I've been saying it from the first few days of the first trial of Commonwealth v. Karen Read, that this was us exporting our way of life to the world. Judging by the reactions on CourtTV and by the roughly 700 YouTube lawyers live streaming the retrial for 8 hours a day, I wasn't wrong. This has been fresh, locally sourced, sustainable, farm-to-table Masshole Culture from the opening gavel. 

I mean, just get a load of this absurdist Greatest Hits Compilation from this past week and a half alone:

That second person you saw is a weatherman who was brought in by the Commonwealth presumably to testify about how hard frozen the ground was at 34 Fairview, and his in explanation gave a history of the Blue Hills Meteorological Observatory, and how it was founded by some 19th century guy who lived in Boston. I don't remember the name of the the Observatory's founder or what year this was. But I can confirm he lived at 5 Commonwealth Ave. I'm not criticizing this gentleman, mind you. That is a man who had been carrying a piece of trivia around in his head for who knows how many years, and wasn't going to miss his chance to share it. 
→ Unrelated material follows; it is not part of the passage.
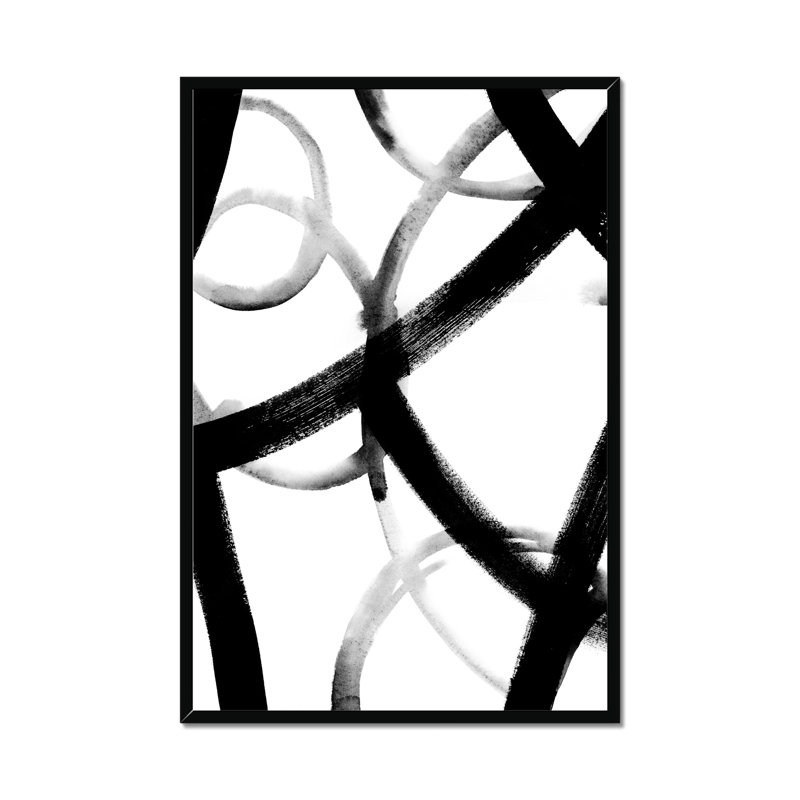 Monochrome Ripple I by Grace Popp - Painting, Black Framed Paper Print, 50cm H x 34cm W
I am also loathe to criticize the first woman in that clip. She's apparently an expert at data retrieval, and my expertise is limited to quoting Monty Python. After 9/11, she joined the United States Marine Corps. After 9/11, I joined the Weymouth Elks. So I'm in no position to mock her. It's just that I have this thing about women - and it's always women - who talk to adults like it's Story Circle Time at Bridges to Learning preschool:

Halfway through that pepperoni pizza metaphor, I thought she was going to tell the jurors to put their Listening Caps on and raise their hand if the story gets too upsetting. But then brought it back to a language the 18 people who couldn't avoid getting empaneled could relate to by explaining how there's a mode on your phone that will help a husband search for porn without his wife knowing.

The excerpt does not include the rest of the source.